Provided records

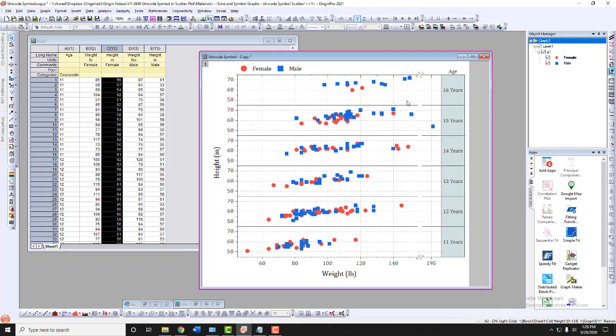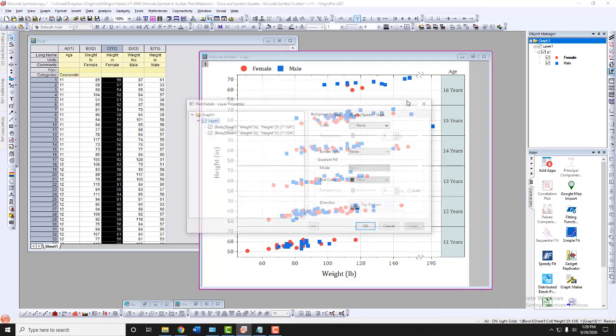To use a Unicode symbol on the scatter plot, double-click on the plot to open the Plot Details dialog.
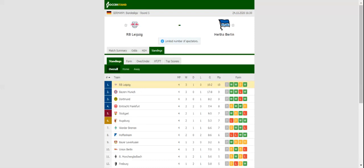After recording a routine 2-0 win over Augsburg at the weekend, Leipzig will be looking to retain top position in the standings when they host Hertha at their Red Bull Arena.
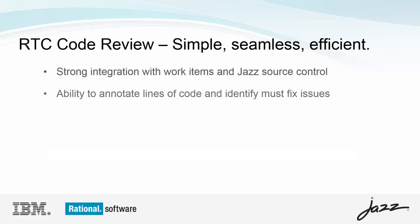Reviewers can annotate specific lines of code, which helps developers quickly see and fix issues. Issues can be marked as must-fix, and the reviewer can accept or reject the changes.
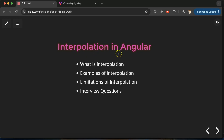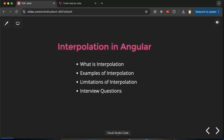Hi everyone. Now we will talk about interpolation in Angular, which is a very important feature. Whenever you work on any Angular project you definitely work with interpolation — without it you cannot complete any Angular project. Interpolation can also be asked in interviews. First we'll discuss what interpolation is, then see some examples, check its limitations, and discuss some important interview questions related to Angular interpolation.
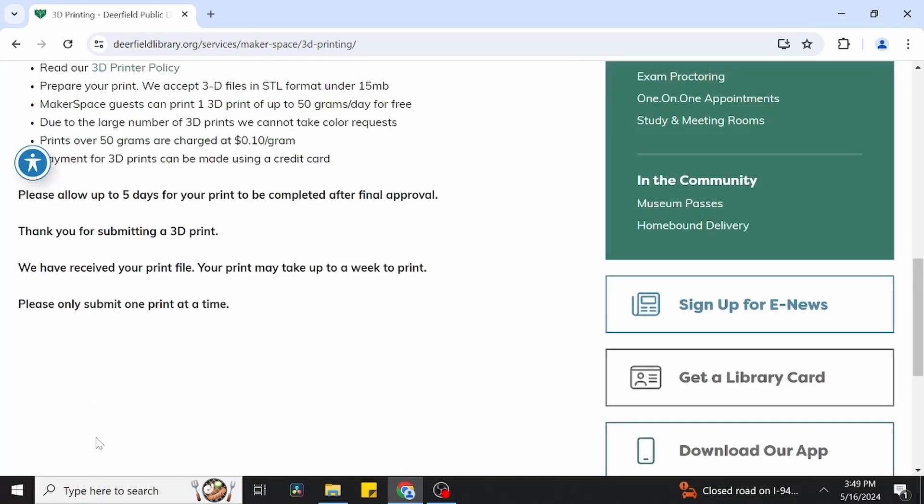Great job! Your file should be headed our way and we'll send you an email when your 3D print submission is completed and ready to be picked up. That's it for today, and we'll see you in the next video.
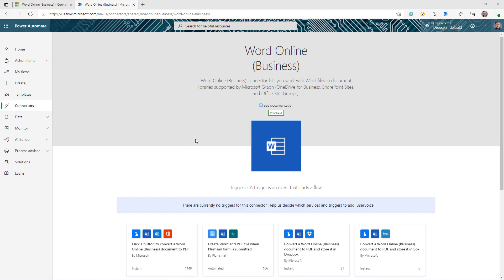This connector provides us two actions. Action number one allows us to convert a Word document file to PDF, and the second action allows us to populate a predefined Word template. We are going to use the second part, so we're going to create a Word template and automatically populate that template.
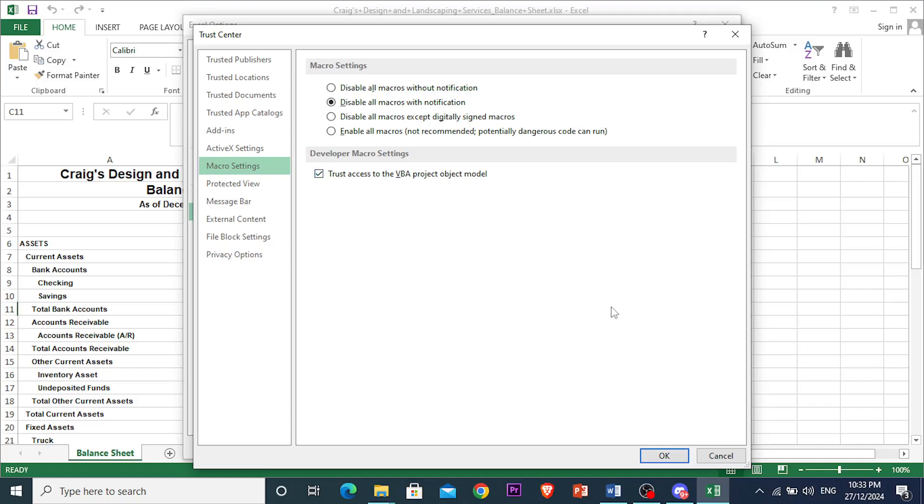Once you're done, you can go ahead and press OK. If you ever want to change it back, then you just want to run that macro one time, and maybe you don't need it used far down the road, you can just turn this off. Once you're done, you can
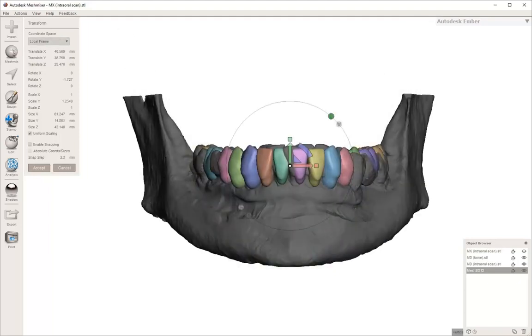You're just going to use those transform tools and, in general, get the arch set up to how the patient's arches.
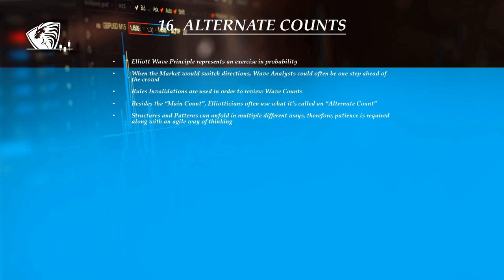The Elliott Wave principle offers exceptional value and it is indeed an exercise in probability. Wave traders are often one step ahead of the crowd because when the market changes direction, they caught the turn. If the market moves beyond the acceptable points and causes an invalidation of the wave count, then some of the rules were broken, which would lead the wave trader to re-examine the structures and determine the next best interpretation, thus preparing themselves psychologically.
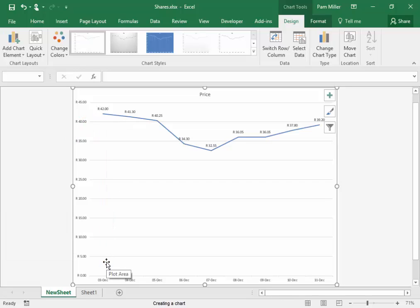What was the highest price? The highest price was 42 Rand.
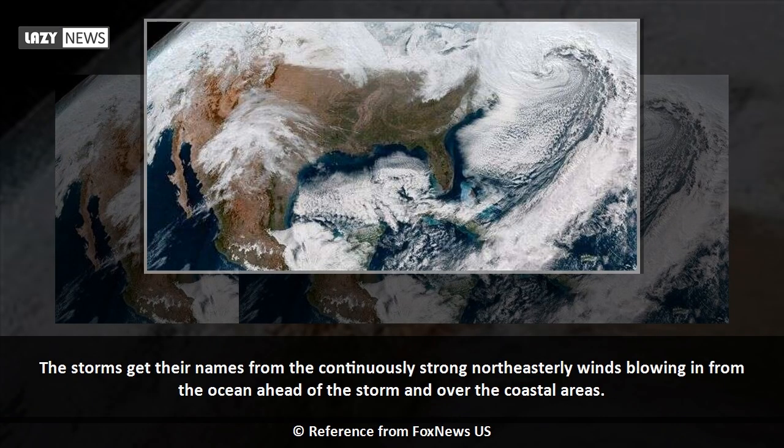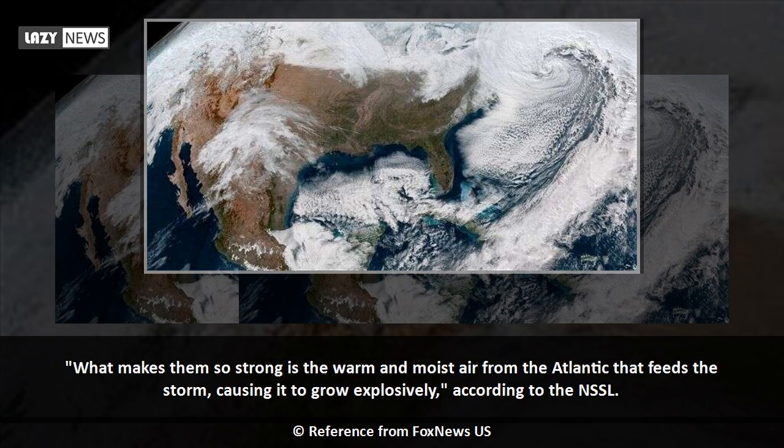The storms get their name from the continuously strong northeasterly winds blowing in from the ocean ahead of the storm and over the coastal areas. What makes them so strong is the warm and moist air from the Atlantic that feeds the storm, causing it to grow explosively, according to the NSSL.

Problem description
All pictures are to be skipped; the lines from the first line of the records through the line containing "After recording a" are to be repeated exactly, both ends included.

Task output
To use a Unicode symbol on the scatter plot, double-click on the plot to open the Plot Details dialog.
After recording a routine 2-0 win over Augsburg at the weekend, Leipzig will be looking to retain top position in the standings when they host Hertha at their Red Bull Arena.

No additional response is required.